10. A method for downhole telemetry, comprising:
disposing a first tubular within a borehole, the first tubular including at least one slot formed in a portion thereof; disposing a second tubular within the first tubular, the second tubular having at least one receiver mounted on its outer surface; positioning the second tubular within the first tubular such that the at least one receiver is aligned with the slotted portion of the first tubular; and receiving a signal at the at least one receiver.

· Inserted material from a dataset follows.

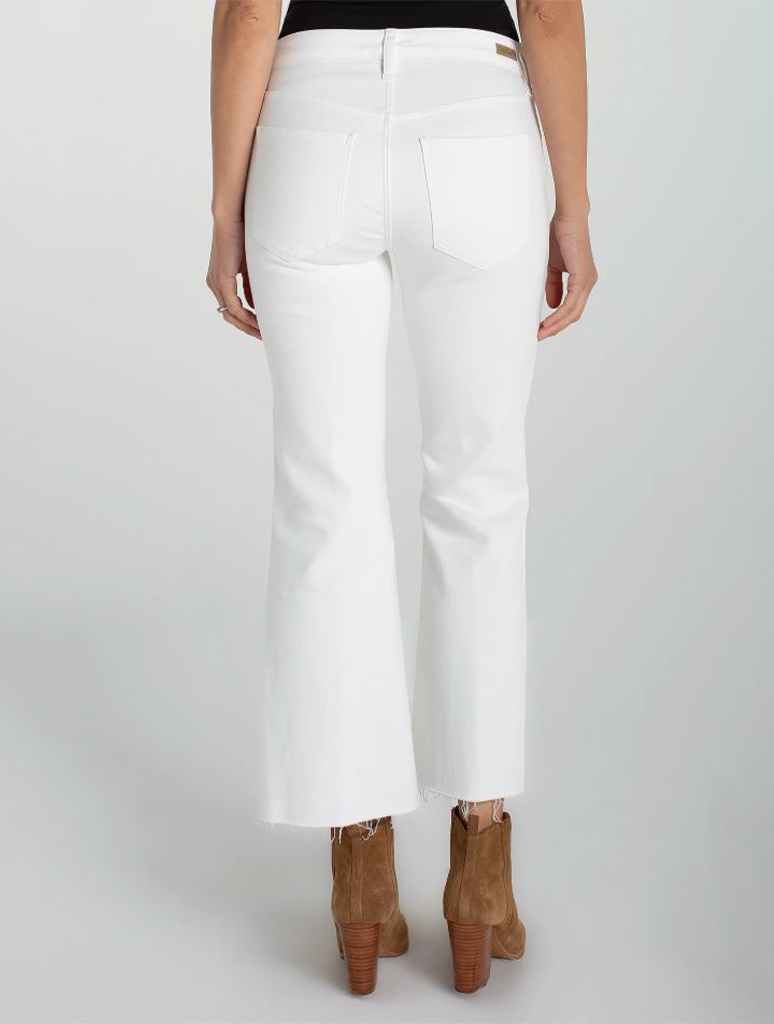 Liverpool Hannah Crop Flare With Twisted Slit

39. A method for downhole telemetry, comprising:
disposing a first tubular within a borehole, the first tubular having an elongated body and including an insulated gap formed in a portion thereof; disposing a second tubular within the first tubular, the second tubular having a receiver mounted on its outer surface, and the second tubular being positioned with the first tubular such that the receiver mounted on its surface is positioned above the insulated gap formed in the first tubular; and electrically coupling the first tubular to the second tubular, the electrical coupling occurring above the receiver mounted on the second tubular.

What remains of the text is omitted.